Short descriptive text snippets
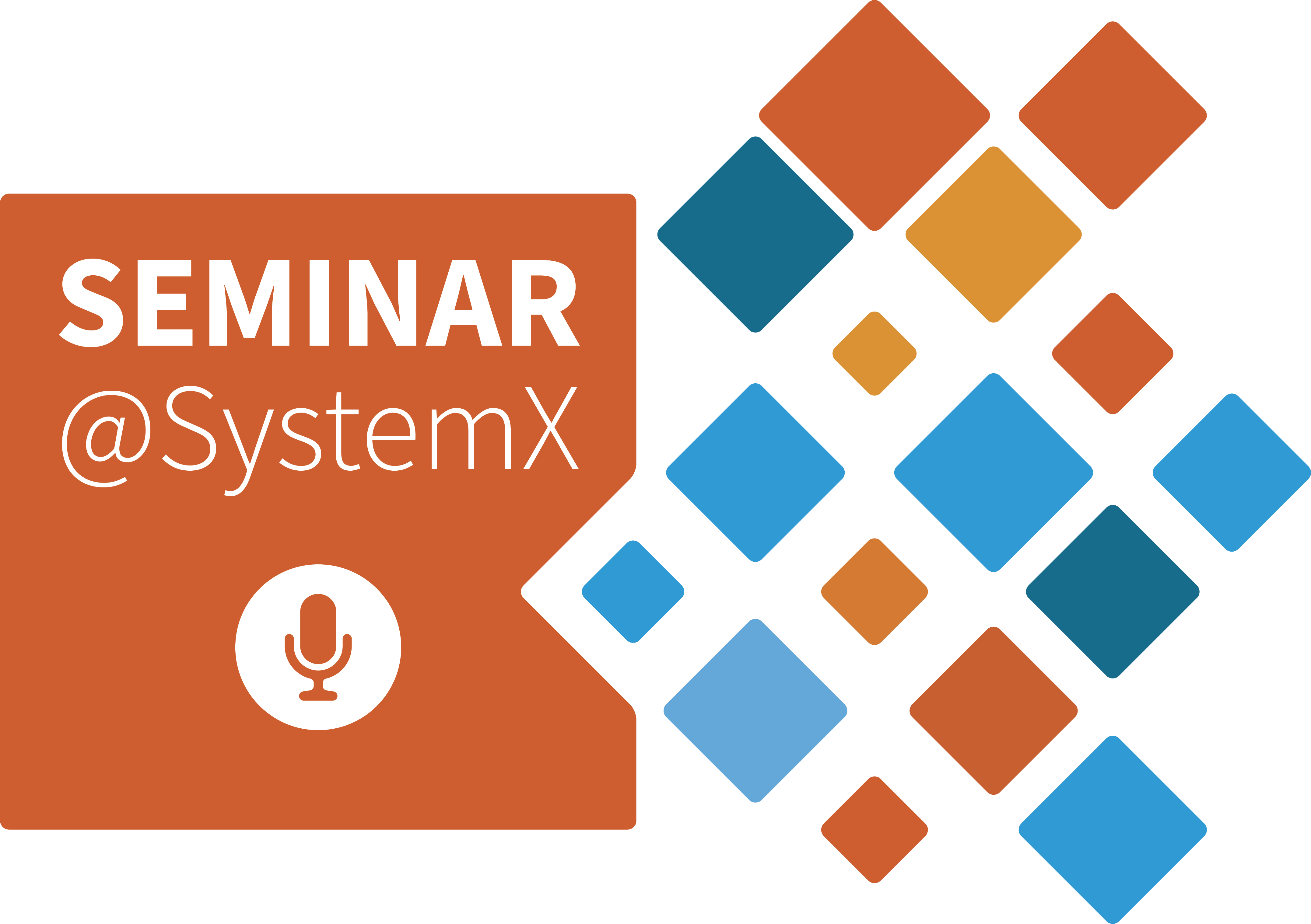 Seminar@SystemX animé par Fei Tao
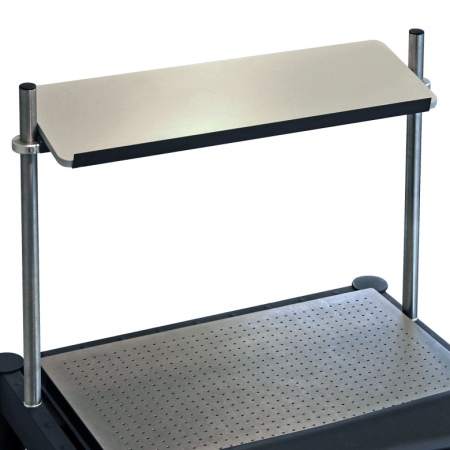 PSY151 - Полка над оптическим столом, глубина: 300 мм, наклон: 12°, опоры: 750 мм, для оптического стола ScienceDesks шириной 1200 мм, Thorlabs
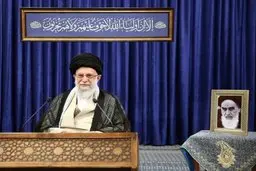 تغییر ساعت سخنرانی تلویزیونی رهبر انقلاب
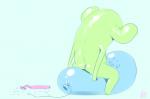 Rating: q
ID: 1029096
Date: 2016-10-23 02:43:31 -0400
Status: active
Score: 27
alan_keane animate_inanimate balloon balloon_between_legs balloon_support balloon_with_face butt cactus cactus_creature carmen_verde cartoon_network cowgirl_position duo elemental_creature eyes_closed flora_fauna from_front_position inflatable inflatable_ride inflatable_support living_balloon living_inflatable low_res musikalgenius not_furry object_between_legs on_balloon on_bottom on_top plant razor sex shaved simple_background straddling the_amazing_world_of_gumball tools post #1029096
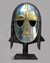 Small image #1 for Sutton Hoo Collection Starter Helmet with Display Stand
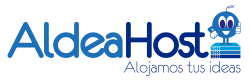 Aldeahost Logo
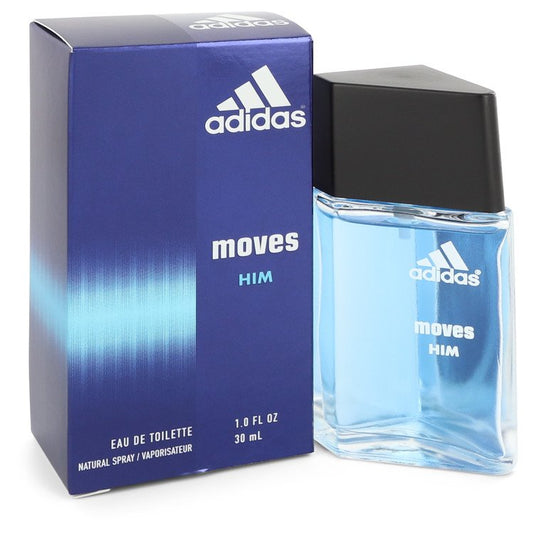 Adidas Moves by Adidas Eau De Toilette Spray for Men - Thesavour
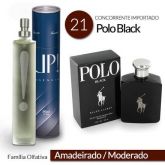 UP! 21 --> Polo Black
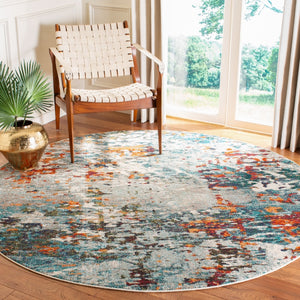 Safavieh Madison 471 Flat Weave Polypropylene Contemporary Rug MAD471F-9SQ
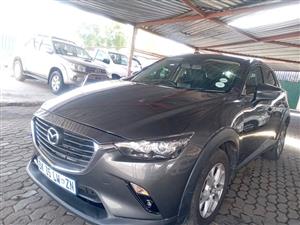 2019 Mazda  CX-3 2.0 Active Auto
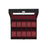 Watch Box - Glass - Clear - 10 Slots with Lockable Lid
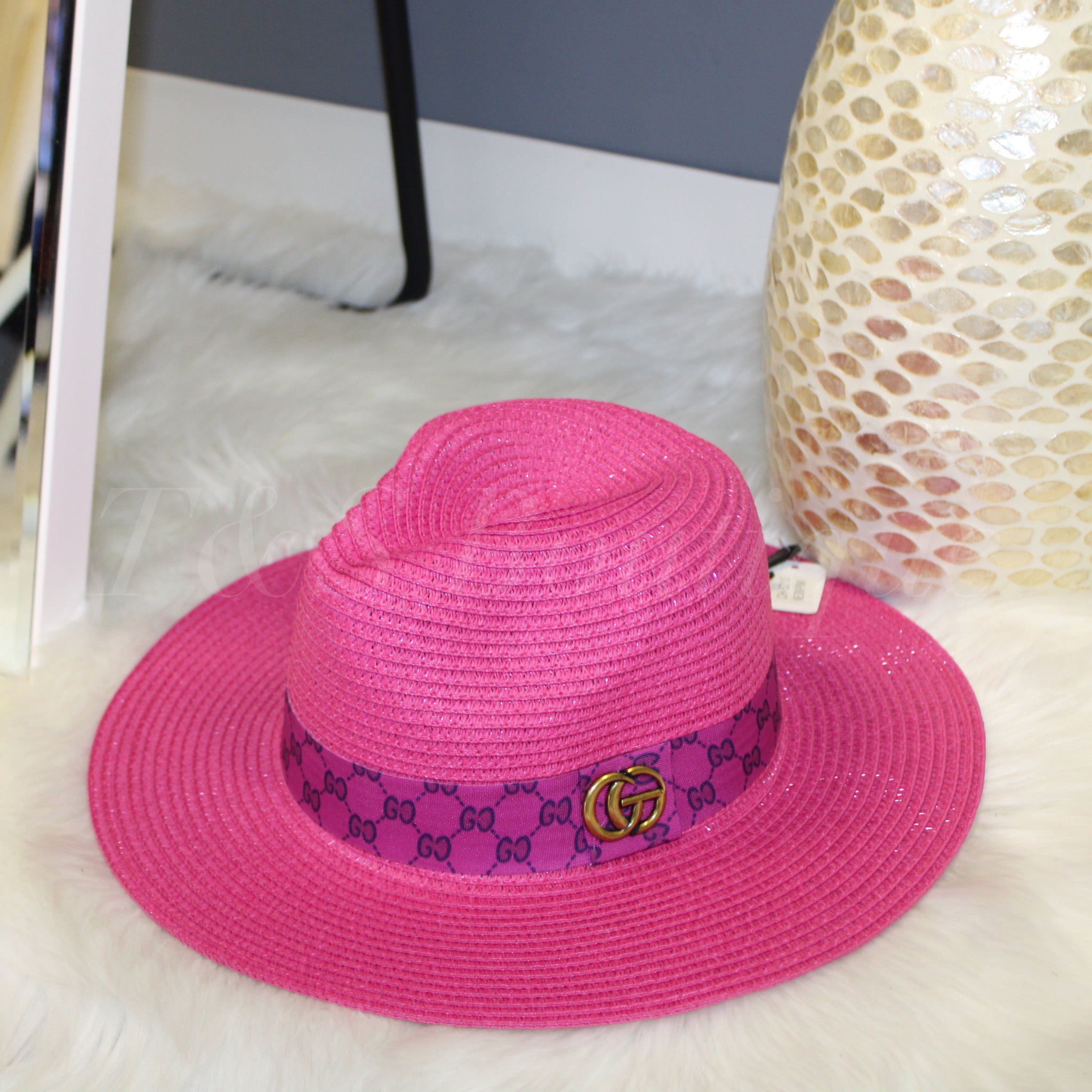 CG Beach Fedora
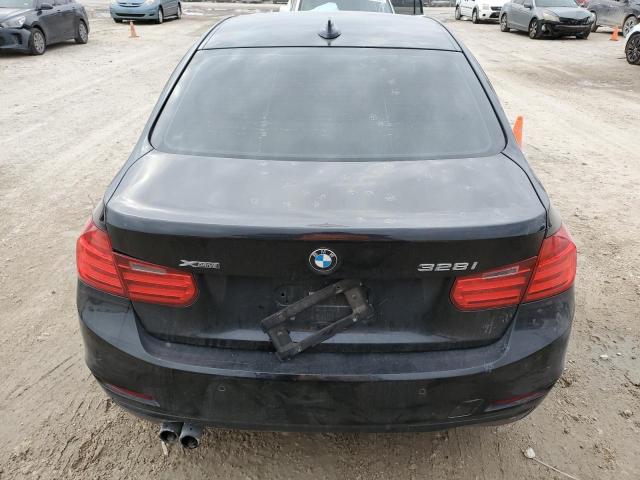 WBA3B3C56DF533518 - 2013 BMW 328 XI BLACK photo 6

● **What you should do**:
Once the pictures are removed, write out all of the entries above exactly.

● **Written response**:
 Seminar@SystemX animé par Fei Tao
 PSY151 - Полка над оптическим столом, глубина: 300 мм, наклон: 12°, опоры: 750 мм, для оптического стола ScienceDesks шириной 1200 мм, Thorlabs
 تغییر ساعت سخنرانی تلویزیونی رهبر انقلاب
 Rating: q
ID: 1029096
Date: 2016-10-23 02:43:31 -0400
Status: active
Score: 27
alan_keane animate_inanimate balloon balloon_between_legs balloon_support balloon_with_face butt cactus cactus_creature carmen_verde cartoon_network cowgirl_position duo elemental_creature eyes_closed flora_fauna from_front_position inflatable inflatable_ride inflatable_support living_balloon living_inflatable low_res musikalgenius not_furry object_between_legs on_balloon on_bottom on_top plant razor sex shaved simple_background straddling the_amazing_world_of_gumball tools post #1029096
 Small image #1 for Sutton Hoo Collection Starter Helmet with Display Stand
 Aldeahost Logo
 Adidas Moves by Adidas Eau De Toilette Spray for Men - Thesavour
 UP! 21 --> Polo Black
 Safavieh Madison 471 Flat Weave Polypropylene Contemporary Rug MAD471F-9SQ
 2019 Mazda  CX-3 2.0 Active Auto
 Watch Box - Glass - Clear - 10 Slots with Lockable Lid
 CG Beach Fedora
 WBA3B3C56DF533518 - 2013 BMW 328 XI BLACK photo 6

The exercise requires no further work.